Key functions that we want to trace:

|runFile()
  |__readFile()
    |__interpret()
      |__compile()
        |__advance() 
          |__scanToken()
            |__identifier() || number()
               |__identifierType()
                 |__checkKeyword()
            |__makeToken()
        |__expression()
          |__parsePrecedence()
            |__advance()
            |__getRule()
        |__consume()

    |__run()


advance() calls scanToken() to set parser.current. Once the parser has a token to read, then we’re off to the races. Another call to advance() here pushes another token onto the parser stack. Okay…it’s not really a stack, it’s really an object with two attributes and two flags. But the behaviour is kind of like a stack … With a hole at the bottom. Every time advance() is called, it moves the current token to the address that previous points to. Following this, it loads a new token into the address pointed to by current.

typedef struct {
  Token current;
  Token previous;
  bool hadError;
  bool panicMode;
} Parser;

I don’t mean to reproduce so much of the original source code here, as it’s so well documented in the book. But the simplicity and jazziness of this approach is just so much fun that it’s hard not to. Each parse rule contains two function pointers and an order of precedence.

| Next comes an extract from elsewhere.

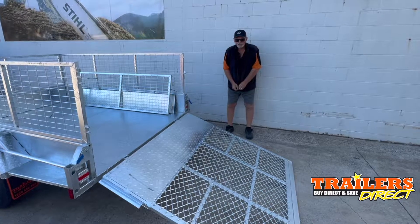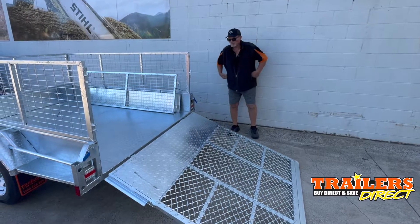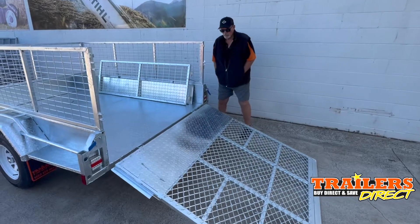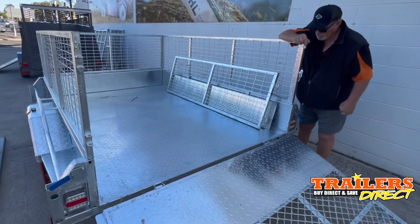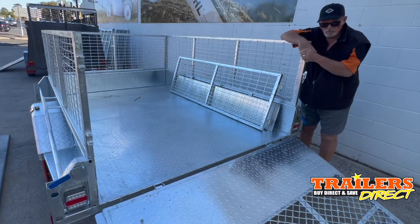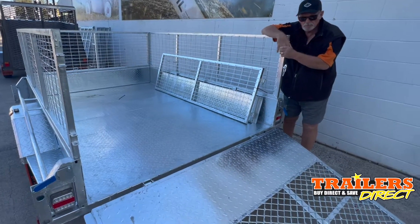G'day, Mike here, Trailers Direct. Here we have an 8x6 hot dip galvanized fully welded heavy-duty trailer with a ramp. These are used for big ride-on mowers, or you can fit three motorbikes on there because of the extra width.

typedef void (*ParseFn)();

typedef struct {
    ParseFn prefix;
    ParseFn infix;
    Precedence precedence;
} ParseRule;

ParseRule rules[] = {
  [TOKEN_LEFT_PAREN]    = {grouping, NULL,   PREC_NONE},
  [TOKEN_RIGHT_PAREN]   = {NULL,     NULL,   PREC_NONE},
  [TOKEN_LEFT_BRACE]    = {NULL,     NULL,   PREC_NONE}, 
  [TOKEN_RIGHT_BRACE]   = {NULL,     NULL,   PREC_NONE},
  [TOKEN_COMMA]         = {NULL,     NULL,   PREC_NONE},
  [TOKEN_DOT]           = {NULL,     NULL,   PREC_NONE},
  [TOKEN_MINUS]         = {unary,    binary, PREC_TERM},
  [TOKEN_PLUS]          = {NULL,     binary, PREC_TERM},
  [TOKEN_SEMICOLON]     = {NULL,     NULL,   PREC_NONE},
  [TOKEN_SLASH]         = {NULL,     binary, PREC_FACTOR},
  [TOKEN_STAR]          = {NULL,     binary, PREC_FACTOR},
  [TOKEN_BANG]          = {NULL,     NULL,   PREC_NONE},
  [TOKEN_BANG_EQUAL]    = {NULL,     NULL,   PREC_NONE},
  [TOKEN_EQUAL]         = {NULL,     NULL,   PREC_NONE},
  [TOKEN_EQUAL_EQUAL]   = {NULL,     NULL,   PREC_NONE},
  [TOKEN_GREATER]       = {NULL,     NULL,   PREC_NONE},
  [TOKEN_GREATER_EQUAL] = {NULL,     NULL,   PREC_NONE},
  [TOKEN_LESS]          = {NULL,     NULL,   PREC_NONE},
  [TOKEN_LESS_EQUAL]    = {NULL,     NULL,   PREC_NONE},
  [TOKEN_IDENTIFIER]    = {NULL,     NULL,   PREC_NONE},
  [TOKEN_STRING]        = {NULL,     NULL,   PREC_NONE},
  [TOKEN_NUMBER]        = {number,   NULL,   PREC_NONE},
  [TOKEN_AND]           = {NULL,     NULL,   PREC_NONE},
  [TOKEN_CLASS]         = {NULL,     NULL,   PREC_NONE},
  [TOKEN_ELSE]          = {NULL,     NULL,   PREC_NONE},
  [TOKEN_FALSE]         = {NULL,     NULL,   PREC_NONE},
  [TOKEN_FOR]           = {NULL,     NULL,   PREC_NONE},
  [TOKEN_FUN]           = {NULL,     NULL,   PREC_NONE},
  [TOKEN_IF]            = {NULL,     NULL,   PREC_NONE},
  [TOKEN_NIL]           = {NULL,     NULL,   PREC_NONE},
  [TOKEN_OR]            = {NULL,     NULL,   PREC_NONE},
  [TOKEN_PRINT]         = {NULL,     NULL,   PREC_NONE},
  [TOKEN_RETURN]        = {NULL,     NULL,   PREC_NONE},
  [TOKEN_SUPER]         = {NULL,     NULL,   PREC_NONE},
  [TOKEN_THIS]          = {NULL,     NULL,   PREC_NONE},
  [TOKEN_TRUE]          = {NULL,     NULL,   PREC_NONE},
  [TOKEN_VAR]           = {NULL,     NULL,   PREC_NONE},
  [TOKEN_WHILE]         = {NULL,     NULL,   PREC_NONE},
  [TOKEN_ERROR]         = {NULL,     NULL,   PREC_NONE},
  [TOKEN_EOF]           = {NULL,     NULL,   PREC_NONE},
};

gdb

We could of course use gdb to get a more precise understanding of what’s going on with the program as it moves through its mode of operation. This would be useful for making sure that the program is actually doing what it claims to be doing. Anyway, as these examples are coming from a source that has already been extensively tested, I’ll just show the process for academic purposes. It might be useful to look back on if I some day manage to write something that is this complex!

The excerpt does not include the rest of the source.